Waibene is the place from where Australia's first Indigenous Olympic or Paralympic swimming champion could emerge.
English speakers call it Thursday Island. Swimming Australia hopes a pilot program being trialled there will deliver a First Nations champion at the 2032 Olympic and Paralympic Games.
"Deadly Little Dolphins" is a program that is about much more than talent identification in the Torres Strait Islands – it is about harnessing children's love of the water to improve educational outcomes; it is about water safety, with First Nations children over-represented in national drowning statistics; and it is about building bridges between cultures.
Quandamooka man Cameron Costello is a member of the Brisbane 2032 Legacy Committee. He told The Ticket there is an opportunity for reciprocal benefit.
"It's a connector between two cultures, it is a shared learning," he said.
"What we hope is that through the engagement and learning about getting into squads there is also the balance of sharing in culture, connecting with country, culture and people for non-indigenous people who are involved in this program.
"That's the beauty of this program, it provides that pathway for reciprocal shared learnings.
"We are in an amazing space at the moment in terms of Australia and our journey to reconciliation with First Nations people … we see this as a great avenue for that as well.
"It provides such a positive, exciting, generous process for aboriginal and non-Aboriginal and Torres Strait Islander and non-Torres Strait Islander people to come together."
The Swimming Australia initiative is First Nations led and co-designed. The hope is corporate Australia will see the benefits and contribute to a national rollout.
Swimming Australia CEO Eugenie Buckley said the idea was born out of time spent reflecting on 2022 research identifying barriers for First Nations people in getting more deeply involved with the sport than at a purely recreational level.

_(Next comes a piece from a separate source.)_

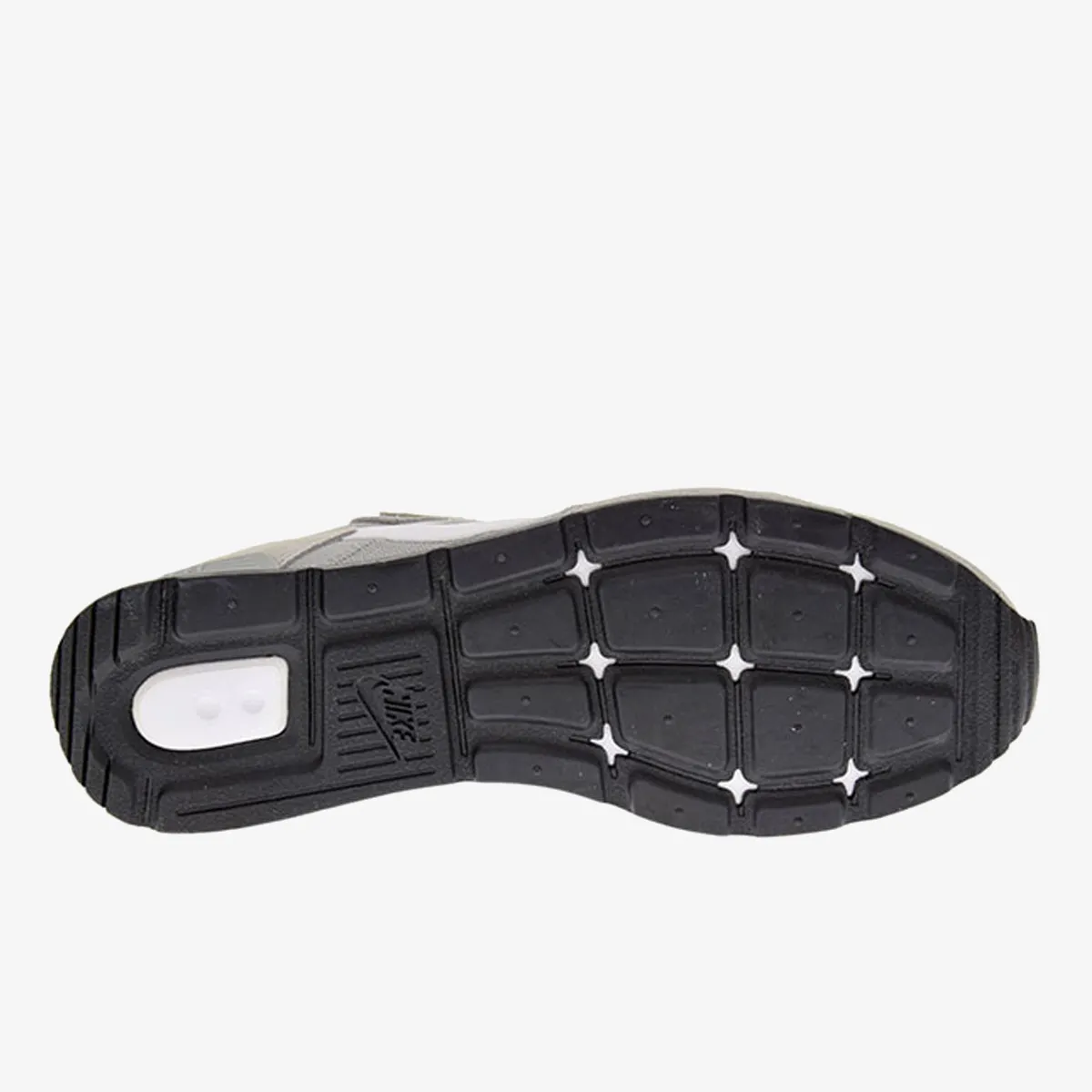 NIKE Patike Nike Venture Runner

"What we wanted was for Australia's swim team, the Dolphins, to fully reflect the Australian community," Buckley said.
"We are really under-represented at the moment in relation to our Aboriginal and Torres Strait Islands."

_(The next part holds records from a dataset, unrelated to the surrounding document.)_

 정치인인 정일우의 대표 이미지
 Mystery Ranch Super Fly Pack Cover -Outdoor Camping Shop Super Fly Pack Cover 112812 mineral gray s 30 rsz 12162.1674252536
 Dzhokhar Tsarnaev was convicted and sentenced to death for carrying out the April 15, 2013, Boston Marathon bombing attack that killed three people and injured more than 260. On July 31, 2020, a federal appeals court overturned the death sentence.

Buckley is not alone in identifying the powerfully symbolic moment of First Nations athlete Cathy Freeman lighting the cauldron at the Sydney Olympics just days before blitzing all-comers on the track to win gold in the 400m.
"I think back to Sydney 2000 and Cathy Freeman – absolutely awe-inspiring greatest moment of the Sydney Olympics. We want to create that moment in relation to swimming," she said.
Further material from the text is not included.